More than 5 years have passed since last update.

Unity ML Agent on Google Colab

Last updated at 2018-06-23Posted at 2018-06-23

Introduction

Recently I have been searching for an efficient way to test the RL agent on my local machine and just found the best environment, which is Google Colaboratory.
Basically, it is a google's academic research-oriented project and surprisingly they are providing free usage of K-80 GPU..... Who can deny this precious offer ......
Anyway, since I would like to try DQN, I have decided to do some research on the connectivity of google colab, because I wanted to connect the agent on my local to the plenty of computation resource of GPU.
So in this article, I will talk about the method how to connect your local to Google colab and also how to try out Unity ml-agent!
Oh, by the way, there is no reason to select ml-agent, i just though playing a 3D game with intelligent agent should be more fun.

Official Doc

Guess what,, they made incredibly good official doc already.. so just please follow that above!
Mind that the default runtime mode is set to host-machine on google server. So double-check the runtime every time you open the google colab!

Unity ml agent

Needless to say, Unity is originally a game engine and one of the best platform when you develop a quality 3/2D game!
But these days, they put much more effort the joint domain of DL and game.
And this ml-agent is one of their master piece!

official git repo

So, let's get started to talk about the procedure of using ml-agent.

get Unity
clone this repo
jump into this README
when it comes to the section of Setting up ML-Agents within Unity. the pic on the article is not my case... so this is how it looks to me.

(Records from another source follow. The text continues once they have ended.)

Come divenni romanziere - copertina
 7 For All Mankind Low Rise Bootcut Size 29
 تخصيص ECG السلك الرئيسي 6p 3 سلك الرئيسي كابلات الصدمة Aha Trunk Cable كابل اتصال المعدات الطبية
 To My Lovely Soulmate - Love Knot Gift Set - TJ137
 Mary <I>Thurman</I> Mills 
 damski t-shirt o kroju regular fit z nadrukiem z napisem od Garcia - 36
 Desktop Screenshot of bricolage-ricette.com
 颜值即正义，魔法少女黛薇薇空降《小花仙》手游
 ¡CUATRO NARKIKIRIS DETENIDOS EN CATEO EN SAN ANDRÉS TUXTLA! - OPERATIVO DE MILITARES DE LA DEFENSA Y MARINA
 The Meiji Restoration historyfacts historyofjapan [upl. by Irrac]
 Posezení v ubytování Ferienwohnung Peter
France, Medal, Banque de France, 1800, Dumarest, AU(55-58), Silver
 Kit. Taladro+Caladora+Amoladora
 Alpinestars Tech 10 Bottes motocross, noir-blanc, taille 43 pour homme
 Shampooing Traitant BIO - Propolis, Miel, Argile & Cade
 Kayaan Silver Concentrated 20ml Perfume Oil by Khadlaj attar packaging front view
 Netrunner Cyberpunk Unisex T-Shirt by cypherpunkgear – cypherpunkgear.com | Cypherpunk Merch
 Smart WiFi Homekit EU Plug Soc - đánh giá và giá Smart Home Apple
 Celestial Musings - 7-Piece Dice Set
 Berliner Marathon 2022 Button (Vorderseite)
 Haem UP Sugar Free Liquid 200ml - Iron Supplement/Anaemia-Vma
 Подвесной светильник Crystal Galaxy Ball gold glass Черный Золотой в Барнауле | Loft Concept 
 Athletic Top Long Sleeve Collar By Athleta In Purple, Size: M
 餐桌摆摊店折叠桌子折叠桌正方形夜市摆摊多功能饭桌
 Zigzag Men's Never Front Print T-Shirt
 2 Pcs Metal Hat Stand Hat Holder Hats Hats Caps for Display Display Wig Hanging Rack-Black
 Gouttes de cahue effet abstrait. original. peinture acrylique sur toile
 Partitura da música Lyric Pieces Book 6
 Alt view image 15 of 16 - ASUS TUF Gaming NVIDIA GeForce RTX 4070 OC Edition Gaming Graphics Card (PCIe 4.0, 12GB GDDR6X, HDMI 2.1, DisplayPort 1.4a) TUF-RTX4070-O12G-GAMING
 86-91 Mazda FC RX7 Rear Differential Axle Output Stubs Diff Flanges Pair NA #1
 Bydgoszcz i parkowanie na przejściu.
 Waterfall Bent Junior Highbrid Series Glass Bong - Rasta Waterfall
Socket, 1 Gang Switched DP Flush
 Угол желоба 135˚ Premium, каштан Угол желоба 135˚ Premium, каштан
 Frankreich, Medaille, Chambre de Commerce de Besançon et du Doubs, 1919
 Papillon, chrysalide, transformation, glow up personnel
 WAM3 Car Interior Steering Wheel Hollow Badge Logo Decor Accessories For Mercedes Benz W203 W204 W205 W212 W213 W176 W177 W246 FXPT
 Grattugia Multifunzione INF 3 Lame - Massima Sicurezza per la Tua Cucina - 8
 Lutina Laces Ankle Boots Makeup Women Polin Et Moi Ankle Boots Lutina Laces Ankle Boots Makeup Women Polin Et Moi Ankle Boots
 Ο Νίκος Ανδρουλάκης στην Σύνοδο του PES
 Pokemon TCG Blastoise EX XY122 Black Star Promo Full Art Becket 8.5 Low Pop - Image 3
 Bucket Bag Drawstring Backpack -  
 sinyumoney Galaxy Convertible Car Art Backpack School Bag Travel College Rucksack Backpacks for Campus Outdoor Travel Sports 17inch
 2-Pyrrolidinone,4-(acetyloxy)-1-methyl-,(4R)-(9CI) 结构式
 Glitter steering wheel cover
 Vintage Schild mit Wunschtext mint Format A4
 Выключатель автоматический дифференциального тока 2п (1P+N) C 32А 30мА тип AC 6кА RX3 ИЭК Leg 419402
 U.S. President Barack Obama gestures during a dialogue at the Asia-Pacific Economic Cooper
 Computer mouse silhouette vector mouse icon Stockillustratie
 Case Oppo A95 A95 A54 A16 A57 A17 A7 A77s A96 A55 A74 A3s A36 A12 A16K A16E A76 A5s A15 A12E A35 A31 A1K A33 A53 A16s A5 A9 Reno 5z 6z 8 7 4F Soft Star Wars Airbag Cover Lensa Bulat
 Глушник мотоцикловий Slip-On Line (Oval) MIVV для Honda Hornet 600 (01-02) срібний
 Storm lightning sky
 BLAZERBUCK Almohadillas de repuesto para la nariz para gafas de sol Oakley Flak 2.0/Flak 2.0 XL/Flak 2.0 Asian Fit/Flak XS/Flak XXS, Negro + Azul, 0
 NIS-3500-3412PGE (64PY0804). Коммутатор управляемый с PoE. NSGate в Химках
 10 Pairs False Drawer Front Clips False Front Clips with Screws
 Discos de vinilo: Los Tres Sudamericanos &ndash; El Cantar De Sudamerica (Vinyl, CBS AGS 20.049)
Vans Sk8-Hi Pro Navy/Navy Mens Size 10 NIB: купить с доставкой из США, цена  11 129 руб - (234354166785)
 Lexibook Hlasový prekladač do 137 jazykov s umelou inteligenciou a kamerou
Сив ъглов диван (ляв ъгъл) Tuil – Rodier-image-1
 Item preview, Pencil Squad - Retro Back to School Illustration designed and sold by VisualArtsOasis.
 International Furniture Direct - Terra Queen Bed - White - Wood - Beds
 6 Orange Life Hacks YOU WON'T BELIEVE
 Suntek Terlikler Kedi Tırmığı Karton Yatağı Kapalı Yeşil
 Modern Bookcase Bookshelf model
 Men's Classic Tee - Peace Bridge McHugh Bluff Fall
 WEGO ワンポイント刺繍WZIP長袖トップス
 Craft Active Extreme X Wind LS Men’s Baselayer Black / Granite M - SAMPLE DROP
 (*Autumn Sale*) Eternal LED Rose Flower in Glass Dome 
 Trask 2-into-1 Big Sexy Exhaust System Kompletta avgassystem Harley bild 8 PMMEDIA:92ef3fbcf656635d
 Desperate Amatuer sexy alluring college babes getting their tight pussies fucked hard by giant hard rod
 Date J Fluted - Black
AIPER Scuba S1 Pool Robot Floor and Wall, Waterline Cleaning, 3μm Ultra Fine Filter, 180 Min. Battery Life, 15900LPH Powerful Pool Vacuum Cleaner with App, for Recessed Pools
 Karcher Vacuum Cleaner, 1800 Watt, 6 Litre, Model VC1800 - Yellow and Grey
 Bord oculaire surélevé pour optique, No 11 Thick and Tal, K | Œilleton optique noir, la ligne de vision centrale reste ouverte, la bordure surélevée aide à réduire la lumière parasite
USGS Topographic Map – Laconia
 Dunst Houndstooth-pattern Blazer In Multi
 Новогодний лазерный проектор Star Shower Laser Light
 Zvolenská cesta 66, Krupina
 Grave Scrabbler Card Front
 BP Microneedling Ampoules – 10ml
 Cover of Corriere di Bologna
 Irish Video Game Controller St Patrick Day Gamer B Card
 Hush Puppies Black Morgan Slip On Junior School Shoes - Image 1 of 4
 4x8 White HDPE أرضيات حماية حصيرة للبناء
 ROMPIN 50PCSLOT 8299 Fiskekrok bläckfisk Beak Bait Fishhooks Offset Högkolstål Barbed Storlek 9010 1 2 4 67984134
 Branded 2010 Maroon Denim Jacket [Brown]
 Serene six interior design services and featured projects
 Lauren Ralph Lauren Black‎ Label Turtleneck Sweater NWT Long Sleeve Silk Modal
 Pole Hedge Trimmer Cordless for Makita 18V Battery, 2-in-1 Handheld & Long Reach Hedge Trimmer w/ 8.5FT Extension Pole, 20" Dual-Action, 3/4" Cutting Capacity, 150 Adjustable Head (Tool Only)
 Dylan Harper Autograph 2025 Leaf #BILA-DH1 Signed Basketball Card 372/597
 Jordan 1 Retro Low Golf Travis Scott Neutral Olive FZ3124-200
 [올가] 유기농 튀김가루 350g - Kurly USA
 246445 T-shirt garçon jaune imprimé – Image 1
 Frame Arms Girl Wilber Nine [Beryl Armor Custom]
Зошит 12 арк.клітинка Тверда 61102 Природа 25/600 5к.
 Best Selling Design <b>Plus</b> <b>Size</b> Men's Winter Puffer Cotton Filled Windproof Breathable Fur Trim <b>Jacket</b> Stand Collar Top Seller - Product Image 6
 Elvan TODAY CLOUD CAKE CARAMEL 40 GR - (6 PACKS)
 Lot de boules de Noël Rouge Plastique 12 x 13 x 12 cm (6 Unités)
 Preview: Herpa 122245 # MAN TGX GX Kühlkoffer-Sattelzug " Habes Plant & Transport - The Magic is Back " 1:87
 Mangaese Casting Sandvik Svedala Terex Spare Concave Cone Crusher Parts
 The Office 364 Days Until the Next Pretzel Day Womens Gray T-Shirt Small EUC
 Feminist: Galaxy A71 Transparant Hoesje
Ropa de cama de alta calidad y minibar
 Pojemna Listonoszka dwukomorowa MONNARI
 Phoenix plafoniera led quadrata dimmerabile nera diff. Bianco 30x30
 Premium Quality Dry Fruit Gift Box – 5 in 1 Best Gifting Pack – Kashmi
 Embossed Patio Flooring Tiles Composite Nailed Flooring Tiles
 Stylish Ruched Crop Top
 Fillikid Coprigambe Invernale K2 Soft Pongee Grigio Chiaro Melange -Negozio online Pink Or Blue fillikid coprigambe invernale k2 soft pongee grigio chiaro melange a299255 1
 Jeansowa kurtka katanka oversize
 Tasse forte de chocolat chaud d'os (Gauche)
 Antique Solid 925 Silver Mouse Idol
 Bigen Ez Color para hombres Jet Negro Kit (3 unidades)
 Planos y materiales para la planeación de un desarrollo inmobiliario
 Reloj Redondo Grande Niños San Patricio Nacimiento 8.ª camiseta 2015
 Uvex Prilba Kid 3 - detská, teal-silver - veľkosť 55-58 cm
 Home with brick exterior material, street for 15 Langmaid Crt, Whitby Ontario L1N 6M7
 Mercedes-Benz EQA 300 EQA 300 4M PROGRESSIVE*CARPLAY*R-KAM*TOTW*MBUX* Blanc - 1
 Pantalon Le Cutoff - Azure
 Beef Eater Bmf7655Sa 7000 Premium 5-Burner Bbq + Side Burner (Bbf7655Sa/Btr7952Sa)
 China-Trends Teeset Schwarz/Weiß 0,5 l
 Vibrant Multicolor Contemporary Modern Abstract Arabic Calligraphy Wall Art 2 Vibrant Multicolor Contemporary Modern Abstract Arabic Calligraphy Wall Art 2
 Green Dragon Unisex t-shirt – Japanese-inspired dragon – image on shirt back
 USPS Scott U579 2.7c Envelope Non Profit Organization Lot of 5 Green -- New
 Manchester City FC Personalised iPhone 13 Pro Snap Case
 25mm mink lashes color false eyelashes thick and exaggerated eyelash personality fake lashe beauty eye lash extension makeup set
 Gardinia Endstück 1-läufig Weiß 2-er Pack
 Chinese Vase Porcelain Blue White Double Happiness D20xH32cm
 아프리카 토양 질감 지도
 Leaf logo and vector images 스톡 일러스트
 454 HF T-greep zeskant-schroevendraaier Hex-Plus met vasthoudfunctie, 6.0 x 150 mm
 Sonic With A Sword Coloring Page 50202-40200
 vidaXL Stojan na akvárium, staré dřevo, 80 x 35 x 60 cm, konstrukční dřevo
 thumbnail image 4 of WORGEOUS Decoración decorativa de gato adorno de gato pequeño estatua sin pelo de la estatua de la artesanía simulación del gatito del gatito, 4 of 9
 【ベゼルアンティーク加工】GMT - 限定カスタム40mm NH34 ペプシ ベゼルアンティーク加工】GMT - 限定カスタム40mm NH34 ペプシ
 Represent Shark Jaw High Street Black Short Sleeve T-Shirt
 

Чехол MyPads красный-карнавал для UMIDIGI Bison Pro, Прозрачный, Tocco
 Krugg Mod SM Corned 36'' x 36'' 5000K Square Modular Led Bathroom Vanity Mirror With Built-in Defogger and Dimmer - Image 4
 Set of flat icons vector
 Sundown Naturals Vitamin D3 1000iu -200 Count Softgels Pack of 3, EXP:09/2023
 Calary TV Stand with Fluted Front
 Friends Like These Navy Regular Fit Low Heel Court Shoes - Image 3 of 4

Also, they said that create new project within the unity-environment folder at the beginning though, as I went through it turned out that the distributed assets folder was not detected properly. so I did manually transfer the TensorFlowSharp plugin. so if this happens to you, please do this!
then proceed more, and after you actually run the python script python3 learn.py --run-id=<run-identifier> --train, you will be seeing the agents learning.
now, it's time to move on to use the precious free golden egg from Google. so please open the google colab connected your local as we prepared before.
then hit this command! !python3 learn.py --run-id=<run-identifier> --train.... lol that's it.

Warning

One thing I noticed is that the stop action of google colab is executed very first and does not wait the saving model function in our code on the line 282 in trainer_controller.py in unitytrainers directory.
So, first of all, please modify the code like

trainer_controller.py

            except KeyboardInterrupt:
                self._save_model(sess, steps=global_step, saver=saver)
                print('--------------------------Now saving model-------------------------')
                if self.train_model:
                    self.logger.info("Learning was interrupted. Please wait while the graph is generated.")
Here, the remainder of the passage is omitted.